THE INDIAN LAW PERSPECTIVE
Indian jurisprudence on insolvency was recently transformed through the implementation of the Insolvency and Bankruptcy Code, 2016 (The Code) which consolidated laws on the resolution of insolvency of corporate persons. Two provisions, i.e. Sections 234 and 235, address cross-border insolvency under the Code. Section 234 allows the Central Government to agree upon the enforcement of the provision of the Code in an insolvency matter. The reciprocal agreement allows the Centre to implement the provision of the code on the disposal of the assets of an insolvent corporate debtor or its representatives which are situated in a foreign jurisdiction. Moreover, Section 235 of the Code enables the appointed resolution professional to make an application to the National Company Law Tribunal regarding the issuance of a letter of request to a court or foreign representative of a country to enter into a reciprocal agreement, where a piece of evidence or action relating to the asset of the insolvent debtor is required for any proceedings. The purpose of including these two provisions was to facilitate cross-border insolvency resolutions. However, it is evident that the provisions have not sufficiently addressed the complexities of cross-border insolvency. There is a lack of clarity on how courts can resolve a situation where the foreign and domestic courts are at an impasse.

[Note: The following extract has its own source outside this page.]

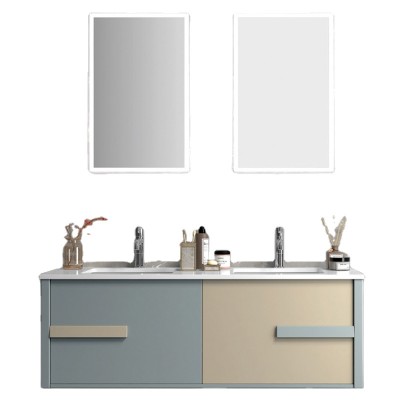 Bathroom double basin vanity cabinets 1400mm large pvc cabinet fashion double lwall bathroom led mirror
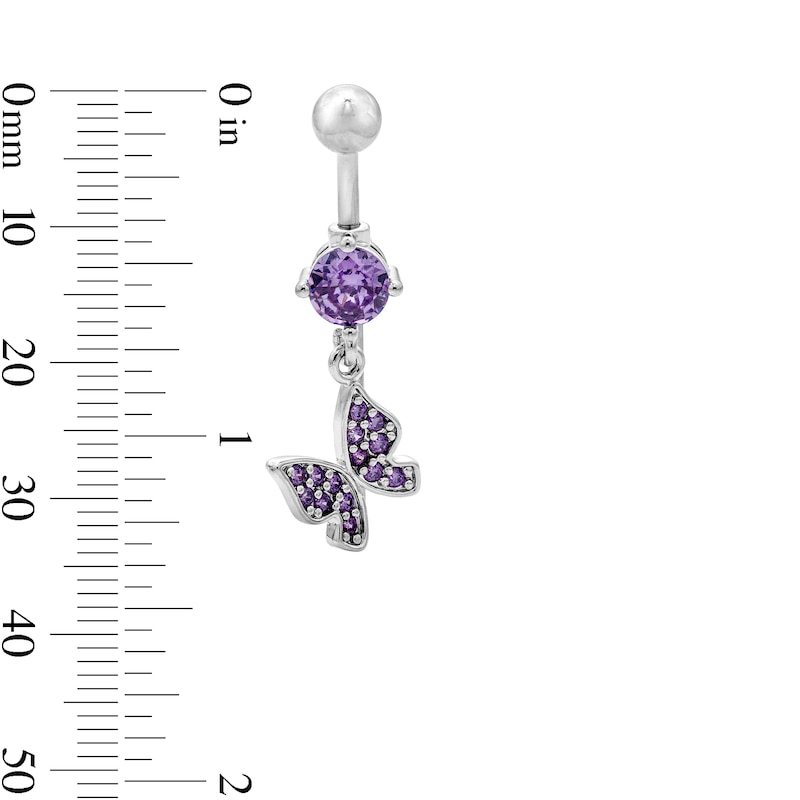 Main Image 2 of Solid Stainless Steel Purple CZ Butterfly Dangle Belly Ring - 14G 3/8"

1. The Jet Airways Saga: A step in the right direction
In the 2019 case of State Bank of India v. Jet Airways (India) Private Ltd, the Bankruptcy Administrator that was appointed by the Dutch Court moved the Mumbai Bench (NCLT) praying for recognition of the parallel insolvency proceedings in the Netherlands. The NCLT categorically held that there was provision in the Code that allows for the recognition of the decision of a court of a foreign jurisdiction and held the proceedings in Netherlands as null and void. At the time of the decision, Section 234 and 235 of the Code were not yet brought into effect. The Bankruptcy Administrator moved an appeal against the order in the NCLAT where it was allowed and the order passed by NCLT was set aside. Pursuant to the decision of the NCLAT, the Resolution Professional appointed under the Code, and the Bankruptcy Administrator established a cross-border insolvency protocol on the basis of the principles of the Model Law. India and Netherlands were recognised as the centre of main interest and the non-main insolvency proceedings respectively. While the case study of Jet Airways underscores the positive efforts of the Indian judiciary in dealing with matters of cross-border insolvency, such orders are very rare and are issued on a case-to-case basis due to the lack of a consolidated cross-border insolvency framework
2. Draft Part Z
In 2018, the Insolvency Law Committee presented a report that discussed the incorporation of the UNCITRAL Model Law into the Code. Modifications and variations were made to Model Law in the draft provisions suggested by the Committee to ensure that the laws were appropriate in the Indian Context. Draft Part Z (Draft Z) will apply to all corporate debtors that have assets and creditors located in more than one jurisdiction. As per Section 234 and 235, foreign creditors can request participation in a domestic insolvency proceeding, which the court can allow based on a reciprocal agreement with the State of the foreign creditor. The draft aims to ameliorate the inadequate provisions in the present Code by implementing provisions that allow access to assets of a foreign debtor to creditors in India through the liquidator or other resolution professionals under Clause 3. The draft also explicates guiding rules to determine the centre of main interest under Clause 14 and establishment as defined under Clause 2(c) of the debtor in order to determine which jurisdiction will be carrying out the main and the non-main insolvency proceedings. The exception of ground of public policy has also been added in the draft under Clause 4 as a fail-safe that allows the adjudicating authority to refuse an application for recognition of a foreign proceeding. Furthermore, some provisions address the limited jurisdiction of the Indian Courts, the participation of foreign representatives in the domestic proceedings, the recognition of foreign proceedings, and the grant of mandatory and non-mandatory relief, among other provisions.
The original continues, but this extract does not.